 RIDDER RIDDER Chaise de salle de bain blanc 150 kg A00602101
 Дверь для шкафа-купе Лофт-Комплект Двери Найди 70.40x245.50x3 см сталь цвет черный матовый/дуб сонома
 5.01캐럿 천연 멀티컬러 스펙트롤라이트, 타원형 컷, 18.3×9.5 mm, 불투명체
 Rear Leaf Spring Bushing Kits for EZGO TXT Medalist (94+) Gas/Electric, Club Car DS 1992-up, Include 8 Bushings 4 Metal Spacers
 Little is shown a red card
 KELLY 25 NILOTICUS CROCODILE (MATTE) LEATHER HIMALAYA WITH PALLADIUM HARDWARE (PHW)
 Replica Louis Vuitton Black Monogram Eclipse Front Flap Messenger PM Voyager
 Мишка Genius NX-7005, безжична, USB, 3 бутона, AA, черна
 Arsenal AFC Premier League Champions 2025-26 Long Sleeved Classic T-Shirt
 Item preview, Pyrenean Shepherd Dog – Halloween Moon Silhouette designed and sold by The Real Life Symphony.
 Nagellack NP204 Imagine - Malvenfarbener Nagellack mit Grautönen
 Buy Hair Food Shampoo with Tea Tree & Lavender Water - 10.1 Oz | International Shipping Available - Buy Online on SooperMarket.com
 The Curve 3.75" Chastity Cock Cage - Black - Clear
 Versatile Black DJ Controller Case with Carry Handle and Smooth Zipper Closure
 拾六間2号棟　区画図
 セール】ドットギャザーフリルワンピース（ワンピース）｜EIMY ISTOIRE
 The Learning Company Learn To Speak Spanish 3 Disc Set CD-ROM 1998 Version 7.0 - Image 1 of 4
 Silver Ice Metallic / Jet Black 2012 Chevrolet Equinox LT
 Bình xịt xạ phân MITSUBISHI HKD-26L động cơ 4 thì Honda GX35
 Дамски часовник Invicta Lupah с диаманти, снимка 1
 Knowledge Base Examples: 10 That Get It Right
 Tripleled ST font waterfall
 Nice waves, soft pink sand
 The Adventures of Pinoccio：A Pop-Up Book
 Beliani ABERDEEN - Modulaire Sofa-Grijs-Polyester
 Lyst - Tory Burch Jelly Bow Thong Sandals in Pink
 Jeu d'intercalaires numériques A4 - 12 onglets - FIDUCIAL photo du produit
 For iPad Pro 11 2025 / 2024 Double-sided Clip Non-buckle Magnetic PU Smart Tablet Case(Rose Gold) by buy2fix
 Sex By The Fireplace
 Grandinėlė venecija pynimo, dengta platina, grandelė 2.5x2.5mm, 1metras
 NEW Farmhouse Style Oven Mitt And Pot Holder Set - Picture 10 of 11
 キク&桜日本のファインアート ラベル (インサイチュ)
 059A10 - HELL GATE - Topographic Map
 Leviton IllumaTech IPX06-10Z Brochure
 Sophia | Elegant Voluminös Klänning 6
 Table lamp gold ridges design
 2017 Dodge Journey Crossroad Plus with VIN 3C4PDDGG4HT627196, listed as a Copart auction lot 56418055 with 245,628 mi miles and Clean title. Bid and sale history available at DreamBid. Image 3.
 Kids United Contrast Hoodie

::::

What the exercise asks
Using the entries above, give back exactly the line containing "Replica Louis Vuitton", the line containing "Lyst - Tory", and every line between them, and nothing else.

Task result
 Replica Louis Vuitton Black Monogram Eclipse Front Flap Messenger PM Voyager
 Мишка Genius NX-7005, безжична, USB, 3 бутона, AA, черна
 Arsenal AFC Premier League Champions 2025-26 Long Sleeved Classic T-Shirt
 Item preview, Pyrenean Shepherd Dog – Halloween Moon Silhouette designed and sold by The Real Life Symphony.
 Nagellack NP204 Imagine - Malvenfarbener Nagellack mit Grautönen
 Buy Hair Food Shampoo with Tea Tree & Lavender Water - 10.1 Oz | International Shipping Available - Buy Online on SooperMarket.com
 The Curve 3.75" Chastity Cock Cage - Black - Clear
 Versatile Black DJ Controller Case with Carry Handle and Smooth Zipper Closure
 拾六間2号棟　区画図
 セール】ドットギャザーフリルワンピース（ワンピース）｜EIMY ISTOIRE
 The Learning Company Learn To Speak Spanish 3 Disc Set CD-ROM 1998 Version 7.0 - Image 1 of 4
 Silver Ice Metallic / Jet Black 2012 Chevrolet Equinox LT
 Bình xịt xạ phân MITSUBISHI HKD-26L động cơ 4 thì Honda GX35
 Дамски часовник Invicta Lupah с диаманти, снимка 1
 Knowledge Base Examples: 10 That Get It Right
 Tripleled ST font waterfall
 Nice waves, soft pink sand
 The Adventures of Pinoccio：A Pop-Up Book
 Beliani ABERDEEN - Modulaire Sofa-Grijs-Polyester
 Lyst - Tory Burch Jelly Bow Thong Sandals in Pink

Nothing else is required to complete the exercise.